### About this task
Down to the last line, restate the records below word for word, dropping every image.

### Data shown
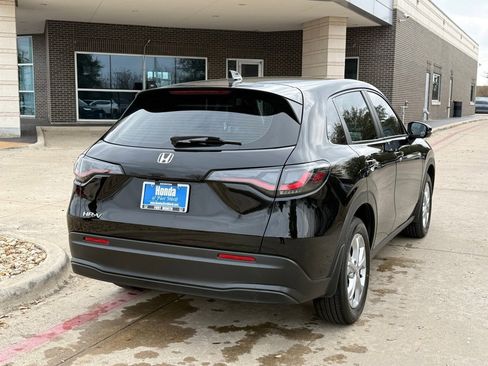 Used 2023 Honda HR-V LX image 6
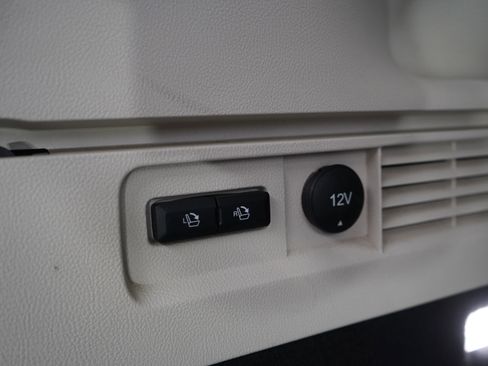 Used 2018 Lincoln MKX Black Label w/ Driver Assistance Package image 10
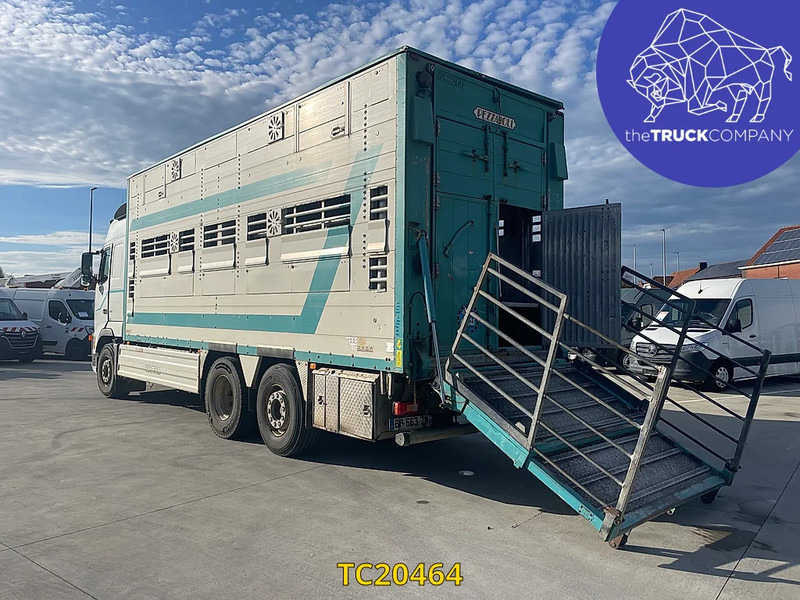 Volvo FH 480 - Caminhão transporte de gado: foto 2 Volvo FH 480 - Caminhão transporte de gado: foto 2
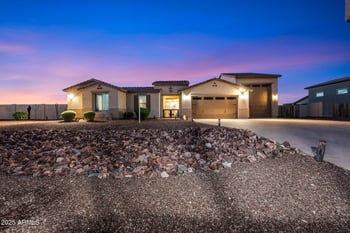 13532 Sierra Vista Dr, Glendale, AZ 85307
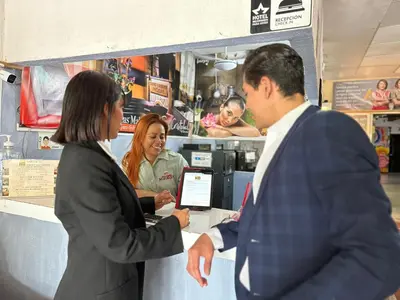 Clientes alojados en Hotel Makarios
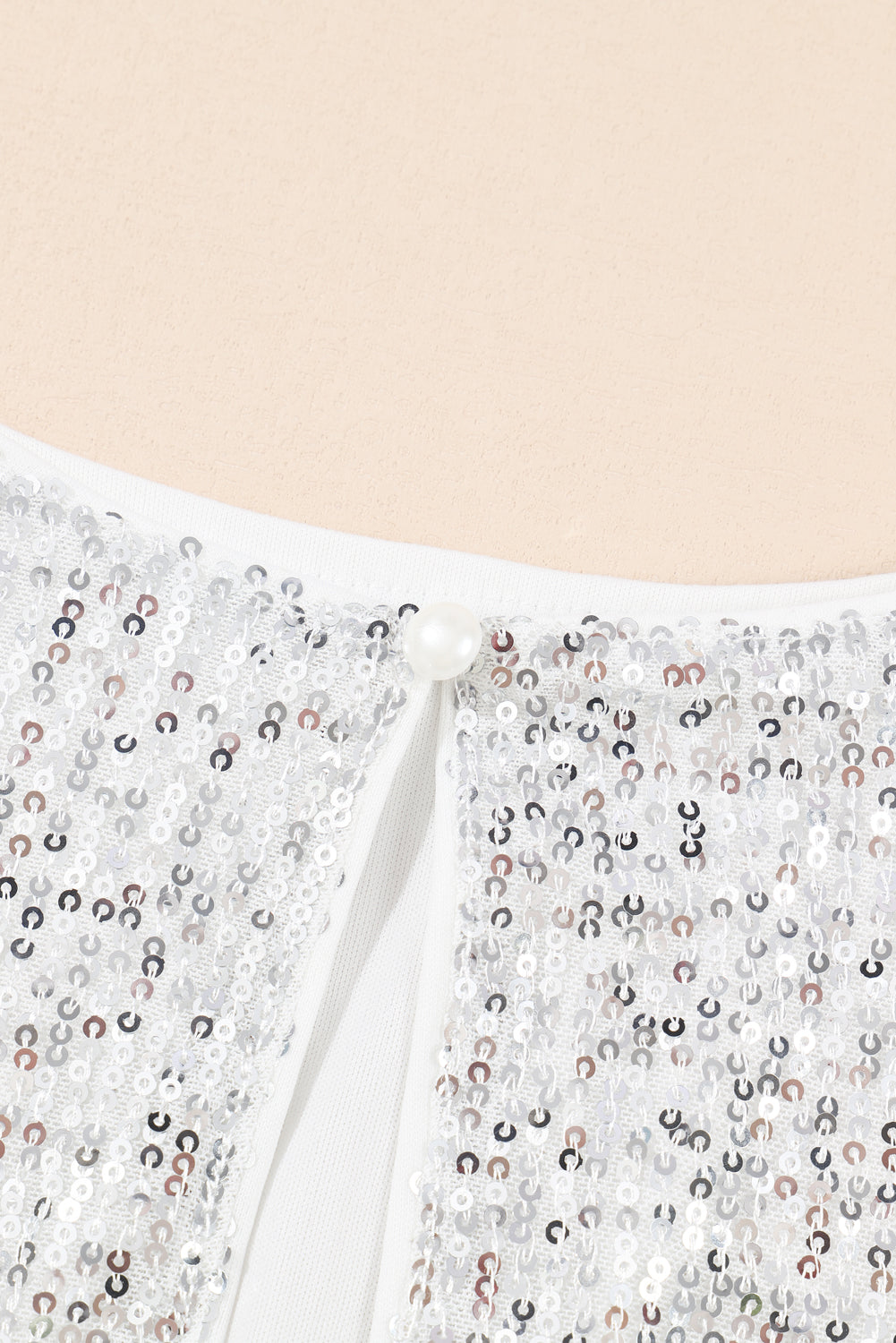 Zilverkleurige mini-jurk met lange mouwen en strikceintuur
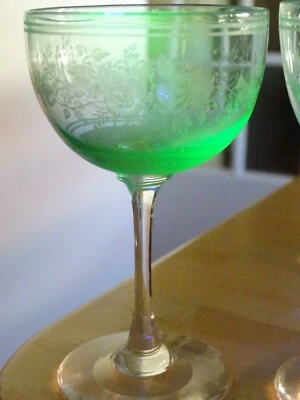 1 ANCIEN VERRE A VIN OURALINE  CRISTAL ART NOUVEAU GRAVURE STYLE NAPOLEON III - Photo 1/4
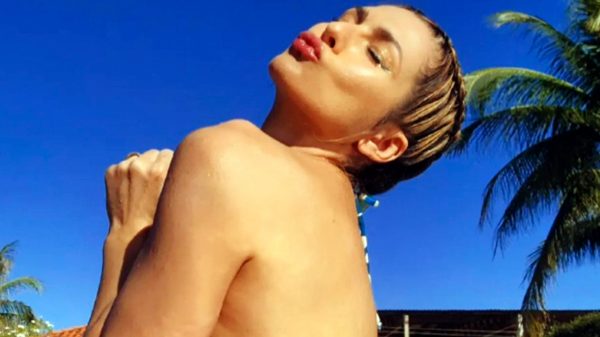 Livia Andrade deixa seguidores babando com sequência de fotos na piscina (Instagram)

### Written solution
 Used 2023 Honda HR-V LX image 6
 Used 2018 Lincoln MKX Black Label w/ Driver Assistance Package image 10
 Volvo FH 480 - Caminhão transporte de gado: foto 2 Volvo FH 480 - Caminhão transporte de gado: foto 2
 13532 Sierra Vista Dr, Glendale, AZ 85307
 Clientes alojados en Hotel Makarios
 Zilverkleurige mini-jurk met lange mouwen en strikceintuur
 1 ANCIEN VERRE A VIN OURALINE  CRISTAL ART NOUVEAU GRAVURE STYLE NAPOLEON III - Photo 1/4
 Livia Andrade deixa seguidores babando com sequência de fotos na piscina (Instagram)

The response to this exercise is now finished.